Week Five 5-Count

It’s hard believe it’s Sunday and I have one week left in the office. I have one more weekend in Cebu and then it’s off to the “vacation” side of things.

  1. I am always amazed at how global the Filipino economy is. My juice comes from Cypress, South Africa or Australia. A lot of fruit is imported from the United States. The “Imported” section at the supermarket heavily focuses on goods from America, Western Europe and Australia before it does other parts of Asia. Laughing Cow cheese is one of the top brands for process dairy and Nestle rules the world manufacturing just about everything through some of their brands. Lots of goods from outside the country bare a very big “Imported” sticker on them when you buy them. Standing inline at the supermarket, more people will stand in the “10 items or less, cash only” line if they have more than 10 items or if they are just paying cash despite some of the other lines being shorter. I don’t quite understand it.
  1. I am amazing at the volume of American culture and Western culture that dominates clothing here. There’s not just the American brands like Guess and whatnot that adorns a majority of clothing, but also sports brands and cities. The Chicago Bulls, football teams, college sports teams and shirts like “I’m so glam I bleed glitter.” I see shirts like “I heart Cebu” and what not. But a very high volume is icons and logos that are very familiar after growing up in the US. I see American flags and Old Navy. I see Union Jacks and other things. It almost seems like if someone my age isn’t wearing a school uniform (which everyone wears here for school), half of them are wearing very American clothes. It’s equal parts alienating and welcoming.
  1. “Ma’am” is almost interchangeable able with my first name here. Every time I enter or leave any building, it’s always “Good morning/ afternoon/ evening Ma’am” when I go anywhere. Even by people who are my age, I’m not “miss” I am ma’am, which is very peculiar. Very common here by all means, but it comes across as noticeable if you have not grown up around it or are not use to it. All sorts of people are very quick to hold open doors and I happily say thank you and grin ear to ear on a very frequent basis. It’s a mannerism that is regional in the US but here is very commonplace.
  1. Tuesday night was when I first came down with the cold.
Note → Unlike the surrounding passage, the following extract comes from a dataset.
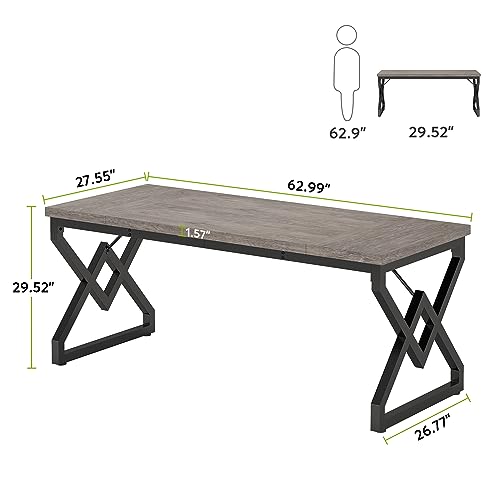 Image of Tribesigns 63 inch Executive Desk, Industrial Computer Desk for Home Office | Large Office Table with Metal Frame, Large Tabletop, Modern Simple Workstation Writing Table Study Desk, Grey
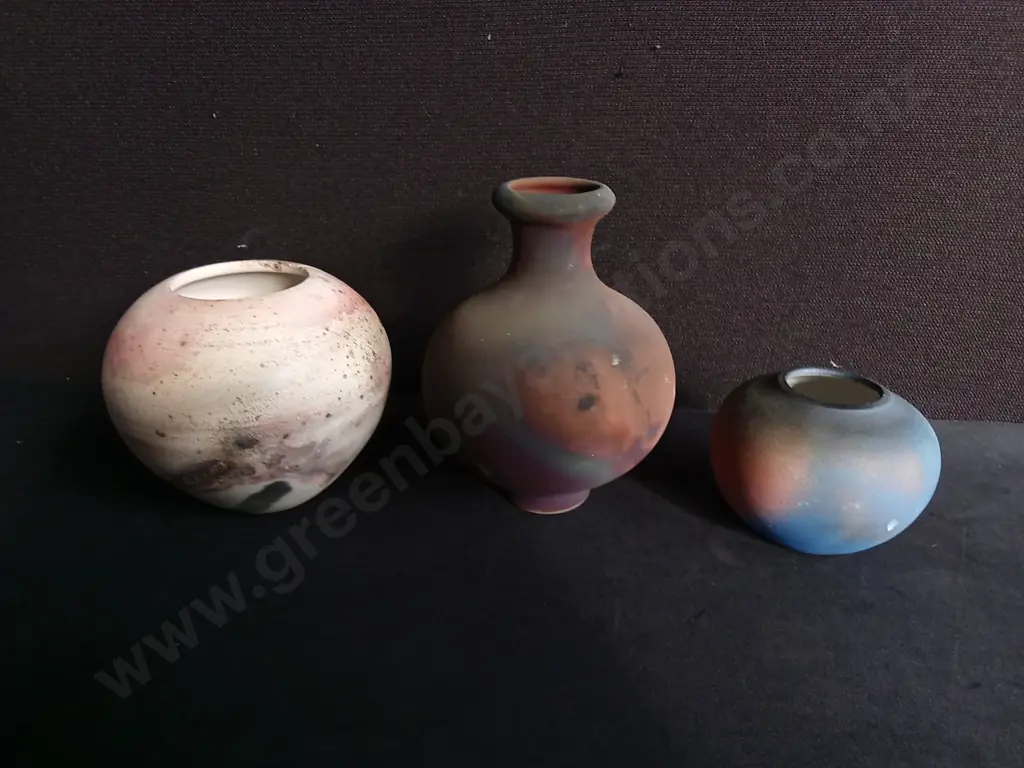 3 PIECES RAKU FIRED STUDIO POTTERY VASES Image 1++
Wednesday I was running about 75% and I stayed home Thursday with an awful fever and felt like I was hit by a car. I was miserable. By the end of the day I was feeling better and Friday I went back to work. After not feeling great Tuesday-Friday, I finally felt well enough to clean yesterday and got everything else tidied up today for the rest of the week. It feels good to fight back the chaos and for everything to be streamlined and clean.
  1. As part of my “spring cleaning” I sent some of my laundry out. Most people do not have washers and dryers here and if they do their laundry at home, they hand wash and air dry it. It is very common to have a Laundromat do your laundry for less than a dollar US per Kilo (2.2 pounds) and within two days; it is washed, dried, and folded for you. Summer 2015 marks the first time in over a decade I have not been self-responsible for my laundry and it feels very odd, I miss the zen feelings of doing your own laundry and folding. It was peaceful. But at the same time, being able to pick up laundry on my way home from work and not having to deal with any of the hassle is great too.

Today, Sunday has been a rest day. I’ve done a bit of work for my online class, did chores, and chilled. I’m sure in the next 24 hours there will be a recount of my weekend up. It’s been a whirlwind and I’ve been tired. So soon.